Yükseliş ve kemal devrinde, dünya tarihinin en büyük, en örnek, en harika devletini, nizamını, barışı olan

Osmanlı devletinde Müslümanlar hep başları örtülü olarak namaz kılmışlar

ve böyle dolaşmışlardır. İnsan bazen namaz takkesini unutabilir ama

her zaman, devamlı şekilde başı açık namaz kılmak çok vahim bir ihmal, saygısızlıktır ve bid’attir.

Sünnî bir Müslüman dinî konularda icazetli Ehl-i Sünnet ve Cemaat ulemasına, fukahasına, müftülerine tâbi olmalıdır.

Dinini

reformculardan, Fazlurrahmancılardan, dinde yenilik ve değişim isteyenlerden, Farmason sarıklılardan, BOP’çulardan, Kemalist ilahiyatçılardan, taqiyye yapan gizli ve sinsi Mutezîlilerden

öğrenenler sapıtır.

Cebimde yer yok diye namaz takkesi kullanmayanlara şaşıyorum. Cep telefonuna yer buluyorlar da, takke için mi yer yok?

Namaz takkesi Müslümanın tacıdır. Namazı başı kapalı olarak kılmak sünneti, hayata uygulanması çok kolay bir Sünnettir.

Resûlullah Efendimizin

(Salat ve selam olsun ona)

Allahın izni ile yapacağı şefaate nail olmak için bu Sünnete uyalım.
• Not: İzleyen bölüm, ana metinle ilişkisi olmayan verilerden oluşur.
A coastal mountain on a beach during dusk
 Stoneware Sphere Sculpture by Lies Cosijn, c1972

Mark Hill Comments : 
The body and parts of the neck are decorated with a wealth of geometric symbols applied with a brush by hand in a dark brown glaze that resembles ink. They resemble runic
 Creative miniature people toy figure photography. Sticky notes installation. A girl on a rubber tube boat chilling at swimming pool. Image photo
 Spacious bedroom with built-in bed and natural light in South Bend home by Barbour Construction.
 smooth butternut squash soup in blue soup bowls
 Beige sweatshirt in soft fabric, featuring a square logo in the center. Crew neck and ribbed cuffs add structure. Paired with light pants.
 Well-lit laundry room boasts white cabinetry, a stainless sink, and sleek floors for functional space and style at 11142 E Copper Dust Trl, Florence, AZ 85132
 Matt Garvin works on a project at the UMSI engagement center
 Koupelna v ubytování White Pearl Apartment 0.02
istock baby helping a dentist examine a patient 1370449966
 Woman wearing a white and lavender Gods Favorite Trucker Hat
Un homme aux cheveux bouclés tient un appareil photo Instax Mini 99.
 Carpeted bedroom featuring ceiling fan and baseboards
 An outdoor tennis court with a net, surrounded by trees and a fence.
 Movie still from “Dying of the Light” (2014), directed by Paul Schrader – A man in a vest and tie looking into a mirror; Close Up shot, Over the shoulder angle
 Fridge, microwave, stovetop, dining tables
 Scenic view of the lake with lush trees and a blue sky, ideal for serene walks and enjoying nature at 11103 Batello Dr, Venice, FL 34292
Ucuz namaz takkeleri alıp baş açık namaz kılan kardeşlerimize hediye edelim.

(İktidarla Cemaat arasında şiddetli bir savaşın cereyan ettiği şu hengâmeli günlerde sen de kalkmış namaz takkesi ile ilgili yazı kaleme almışsın diyecek çok bilmişlere derim ki: Şeriatın en küçük bir hükmü bu kavgalardan bin kere hayırlı, önemli ve üstündür.)